2. First, an existential question – does it matter? Could not the world simply job along with the Cyprus problem unsolved? Living with that status quo which so many Security Council resolutions have futilely denounced, and declared to be unacceptable? Not so long ago a prime minister of Turkey – Bülent Ecevit – used to tell his visitors that he had solved the Cyprus problem in 1974. But, quite apart from the problems on the island itself, which have admittedly somewhat eased in recent years with the lessening of tensions along the cease fire Green Line, with the opening up of more crossing points and with increased contacts between the two communities, the list of reasons why accepting the status quo makes no sort of sense is a long one. Cyprus remains a painful pebble in the shoe of Turkey’s EU accession negotiation without whose removal it is hard to see those negotiations ever being brought to successful conclusion; Cyprus is in addition already complicating negatively Turkey’s existing customs union relationship with the EU as the Ankara Protocol remains unimplemented; it is frustrating attempts to build a better working relationships with all of Turkey’s neighbors, it is the weakest link in that chain – because Cyprus is a neighbor of Turkey, every bit as significant for the success of the new policy as Syria, Iraq or Armenia, and its relationship to Turkey will affect, either positively or negatively, that of another neighbor, Greece. The list is surely long enough to answer the question, even if experience did not tell one, as it does, that Cyprus neglected is all too likely to bite the international community painfully in the ankle at some unexpected moment. So Abdullah Gül was surely right when he first coined the phrase in 2002: “No solution in Cyprus is no solution.”

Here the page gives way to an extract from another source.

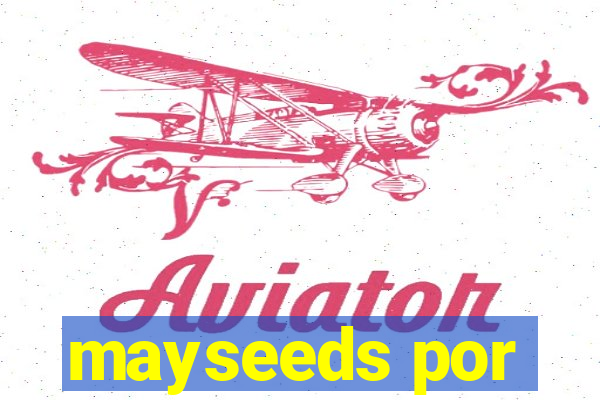 mayseeds por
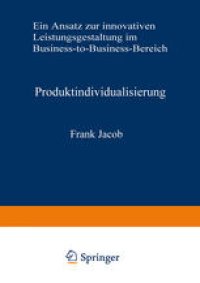 cover of the book Produktindividualisierung: Ein Ansatz zur innovativen Leistungsgestaltung im Business-to-Business-Bereich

3. So what needs to be done if the Cyprus problem is to be solved and not neglected? The first essential requirement is to keep the present U.N.-sponsored negotiating process going and to continue to give it the Security Council’s and Greece and Turkey’s full support. It needs to be sustained through whatever vicissitudes electoral shifts on either side in Cyprus may throw at it. Progress may have been painfully slow since the process resumed two years ago, but progress there has been particularly on issues of the governance of a newly re-united Cyprus. The other big issues, of property, territory and security now need to be addressed with equal determination. Why persevere with a framework and a format which has so far yielded so few results? Because there are no obviously viable, or even remotely viable, alternatives. The framework of a bi-communal, bi-zonal federation was set by agreement from the two sides as long ago as 1977. Since then there have been sporadic attempts to break away from that framework, for example Rauf Denktash’s ideas for a confederation. Such ideas have not evoked a scintilla of support and are no more likely to do so in the future than in the past. The same is true of attempts to break away from the format of negotiations between the leaders of the two communities under the aegis of the U.N. Again, suggestions have been made of an EU-led process or of the involvement of the two parts of Cyprus and of Greece and Turkey. But these are displacement activities fated to get nowhere.
4. I will spare you a long meander through the details of the main component parts of the Cyprus problem – governance, property, security and territory. Suffice it to point out that in the period from 2002 to 2004, for the first time, all the elements needed for a comprehensive settlement of all these matters were put on the negotiating table. Of course those elements, in the form they were then presented, led to the split outcomes of the two referendums in the spring of 2004. So changes there will have to be if a deal is to be struck. If only one could get away from the zero-sum calculations to which Cypriots on both sides of the divide are so devoted and could recognize that changes to deal with sensitive points for one of the parties do not necessarily and involve precisely equivalent damage to, or concessions by the other, then the prospects for progress would greatly improve. One reason for avoiding making detailed suggestions, as to what needs to be changed, is that such changes must emerge from a process of give and take between the two Cypriot parties and not seem to be being imposed from the outside. In 2004, it was just too easy for opponents of the Annan Plan to say that it was simply a great power diktat. On this occasion, if an agreement is to emerge, it must involve the firm commitment of the leaders of both communities and a willingness to back the outcome in the referendums, which will have to follow.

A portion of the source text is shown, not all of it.